Looking for Alaska was a great book. Truly, it was worth reading. However, I felt like the ending was a dead giveaway. If you pay attention to the clues, you as a reader will make a far better detective than Colonel and Pudge. I had the ending pinned almost as soon as they mentioned the white tulips (not a spoiler).
Even better than the story itself were the author's responses to some questions he has been asked about the book that are in the back of the book. My favorite was the kid who was asking him for two important symbols and the "enemy" of the novel. John Green's response was beautiful. He gives a little speech about how there don't always have to be symbols or enemies in books to make them worth reading, but that in this book there are a few. Then he points out how the book belongs to the reader, so what the kid could come up with would be just as important as the author's imagined symbols.
"In short, I'm not gonna do your homework dude."
HA.
I laughed. It made me really happy to see him not answer it with a list of the symbols or enemies. I've always loved books that I'm not given the answers for.
In my Methods of Literary Studies course we read Moby Dick; our teacher set out by telling us to ignore the whale. To not imagine the whale as a symbol for anything. Ignore all the signs and come up with a different symbol to discuss.

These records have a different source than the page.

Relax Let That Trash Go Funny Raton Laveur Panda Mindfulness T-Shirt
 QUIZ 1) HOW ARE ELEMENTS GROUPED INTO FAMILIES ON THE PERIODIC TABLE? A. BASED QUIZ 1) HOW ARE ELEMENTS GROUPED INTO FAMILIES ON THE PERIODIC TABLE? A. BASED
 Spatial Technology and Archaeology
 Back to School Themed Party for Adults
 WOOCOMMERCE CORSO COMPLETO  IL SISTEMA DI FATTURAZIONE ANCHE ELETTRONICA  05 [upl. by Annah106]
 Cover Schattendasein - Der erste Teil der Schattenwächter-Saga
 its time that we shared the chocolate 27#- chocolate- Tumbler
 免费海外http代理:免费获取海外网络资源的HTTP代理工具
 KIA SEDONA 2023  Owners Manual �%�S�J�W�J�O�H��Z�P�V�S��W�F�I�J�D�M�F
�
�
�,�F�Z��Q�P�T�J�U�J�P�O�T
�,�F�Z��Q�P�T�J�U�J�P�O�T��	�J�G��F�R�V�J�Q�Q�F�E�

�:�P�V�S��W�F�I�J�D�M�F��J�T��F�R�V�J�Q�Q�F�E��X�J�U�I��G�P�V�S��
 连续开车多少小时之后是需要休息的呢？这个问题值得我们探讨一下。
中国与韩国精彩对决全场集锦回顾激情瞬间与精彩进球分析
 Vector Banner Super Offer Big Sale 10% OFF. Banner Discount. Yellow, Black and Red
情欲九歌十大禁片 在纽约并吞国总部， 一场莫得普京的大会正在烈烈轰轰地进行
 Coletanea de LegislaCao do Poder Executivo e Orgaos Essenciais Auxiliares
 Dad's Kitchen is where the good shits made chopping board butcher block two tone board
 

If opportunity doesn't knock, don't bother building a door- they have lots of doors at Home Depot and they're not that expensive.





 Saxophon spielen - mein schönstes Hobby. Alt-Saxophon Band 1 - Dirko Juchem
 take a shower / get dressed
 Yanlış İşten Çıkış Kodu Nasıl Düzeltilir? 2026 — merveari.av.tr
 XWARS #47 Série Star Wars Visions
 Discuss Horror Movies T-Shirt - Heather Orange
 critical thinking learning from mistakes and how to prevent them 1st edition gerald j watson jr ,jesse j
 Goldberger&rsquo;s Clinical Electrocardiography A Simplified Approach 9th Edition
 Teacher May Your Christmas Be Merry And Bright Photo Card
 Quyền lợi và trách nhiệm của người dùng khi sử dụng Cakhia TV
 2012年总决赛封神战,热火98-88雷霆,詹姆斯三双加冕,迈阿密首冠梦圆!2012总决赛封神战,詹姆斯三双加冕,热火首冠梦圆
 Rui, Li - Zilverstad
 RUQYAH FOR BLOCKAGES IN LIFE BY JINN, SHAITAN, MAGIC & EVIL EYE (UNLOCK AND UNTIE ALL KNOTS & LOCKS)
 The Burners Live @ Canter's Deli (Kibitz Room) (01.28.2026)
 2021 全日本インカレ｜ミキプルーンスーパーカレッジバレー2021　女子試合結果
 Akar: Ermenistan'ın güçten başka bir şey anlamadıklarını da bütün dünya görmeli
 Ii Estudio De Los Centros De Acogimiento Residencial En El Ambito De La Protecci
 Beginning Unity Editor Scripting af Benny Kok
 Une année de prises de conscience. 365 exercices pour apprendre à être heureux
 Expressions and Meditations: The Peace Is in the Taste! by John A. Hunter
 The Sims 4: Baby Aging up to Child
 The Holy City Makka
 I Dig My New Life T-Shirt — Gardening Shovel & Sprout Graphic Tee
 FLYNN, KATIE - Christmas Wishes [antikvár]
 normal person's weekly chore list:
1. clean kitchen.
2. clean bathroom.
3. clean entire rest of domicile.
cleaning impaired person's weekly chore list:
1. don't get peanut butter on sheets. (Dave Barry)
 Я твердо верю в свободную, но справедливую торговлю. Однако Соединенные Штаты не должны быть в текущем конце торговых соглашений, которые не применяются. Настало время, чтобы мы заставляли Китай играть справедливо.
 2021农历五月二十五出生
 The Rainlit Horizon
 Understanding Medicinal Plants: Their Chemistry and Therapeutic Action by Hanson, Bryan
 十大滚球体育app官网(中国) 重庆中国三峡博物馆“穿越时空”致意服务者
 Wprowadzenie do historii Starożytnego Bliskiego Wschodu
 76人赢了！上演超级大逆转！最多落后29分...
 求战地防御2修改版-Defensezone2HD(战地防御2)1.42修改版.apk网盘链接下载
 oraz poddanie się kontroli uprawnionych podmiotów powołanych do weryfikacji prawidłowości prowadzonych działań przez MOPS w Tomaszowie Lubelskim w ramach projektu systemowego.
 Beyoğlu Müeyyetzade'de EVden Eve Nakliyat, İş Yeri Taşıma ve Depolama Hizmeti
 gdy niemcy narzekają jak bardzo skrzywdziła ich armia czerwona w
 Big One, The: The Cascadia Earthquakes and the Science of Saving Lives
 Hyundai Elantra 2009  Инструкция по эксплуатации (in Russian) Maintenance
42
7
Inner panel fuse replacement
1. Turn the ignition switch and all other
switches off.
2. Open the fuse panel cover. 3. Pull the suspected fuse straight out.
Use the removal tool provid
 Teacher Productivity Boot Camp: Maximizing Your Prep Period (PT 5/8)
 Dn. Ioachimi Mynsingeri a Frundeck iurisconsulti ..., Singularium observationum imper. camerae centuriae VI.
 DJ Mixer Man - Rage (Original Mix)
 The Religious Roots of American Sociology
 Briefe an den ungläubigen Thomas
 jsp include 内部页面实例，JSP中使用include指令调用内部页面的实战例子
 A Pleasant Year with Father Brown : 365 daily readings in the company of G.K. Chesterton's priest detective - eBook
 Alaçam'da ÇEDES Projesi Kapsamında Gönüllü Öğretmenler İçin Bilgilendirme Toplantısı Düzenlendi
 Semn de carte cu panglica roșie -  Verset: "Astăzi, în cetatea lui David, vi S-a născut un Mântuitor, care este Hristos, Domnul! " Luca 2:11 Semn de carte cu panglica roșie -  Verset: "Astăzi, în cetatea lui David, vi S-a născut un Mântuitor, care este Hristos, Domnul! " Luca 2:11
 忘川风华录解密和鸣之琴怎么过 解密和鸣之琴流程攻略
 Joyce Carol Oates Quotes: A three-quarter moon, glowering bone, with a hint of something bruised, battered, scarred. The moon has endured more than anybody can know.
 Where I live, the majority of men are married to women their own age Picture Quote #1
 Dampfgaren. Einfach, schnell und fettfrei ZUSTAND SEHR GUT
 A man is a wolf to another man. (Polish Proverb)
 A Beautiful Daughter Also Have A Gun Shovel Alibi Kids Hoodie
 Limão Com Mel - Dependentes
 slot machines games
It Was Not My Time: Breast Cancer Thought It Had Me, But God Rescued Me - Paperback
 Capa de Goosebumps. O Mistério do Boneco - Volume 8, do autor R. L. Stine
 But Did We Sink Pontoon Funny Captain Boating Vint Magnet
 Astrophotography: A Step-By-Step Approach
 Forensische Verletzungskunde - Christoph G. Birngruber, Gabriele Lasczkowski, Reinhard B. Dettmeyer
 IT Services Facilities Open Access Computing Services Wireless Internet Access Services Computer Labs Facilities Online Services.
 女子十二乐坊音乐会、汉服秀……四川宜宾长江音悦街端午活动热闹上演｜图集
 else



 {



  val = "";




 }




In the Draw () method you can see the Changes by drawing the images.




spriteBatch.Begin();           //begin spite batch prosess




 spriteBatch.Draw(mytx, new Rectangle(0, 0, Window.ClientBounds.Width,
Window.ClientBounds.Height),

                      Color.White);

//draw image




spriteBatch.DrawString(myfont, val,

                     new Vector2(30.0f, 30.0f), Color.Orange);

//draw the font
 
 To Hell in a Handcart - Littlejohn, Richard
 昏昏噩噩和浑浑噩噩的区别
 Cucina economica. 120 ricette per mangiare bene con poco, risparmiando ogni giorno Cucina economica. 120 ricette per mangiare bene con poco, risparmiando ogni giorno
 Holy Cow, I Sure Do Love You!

On the final she then asked us to define the whale in terms of what it represented. Perhaps one of the biggest symbols in the book and she never once made it important in discussion. While there were like five people who were pissed because they hadn't read the book and ignored all the SparkNotes information about the whale because she explicitly told us not to think about it, I was excited. I got to hash out all the hushed feelings about the whale with a completely clear mind.
That being said, I hate when people ruin it for me and give away all the big symbols.
The last discussion talks about the tragedy in the novel and asks whether or not it was a... [spoiler alert...] suicide or not. His answer was great. He doesn't know. Still. I love it. I love that even he couldn't get inside the head of this character enough to know whether or not it was intentional or not. He would remain in the dark just like Colonel, Pudge, Takumi, and even better, the readers.
I realize I talked more about the Q&A section of the book, but I feel like I could talk about more without giving away the whole thing.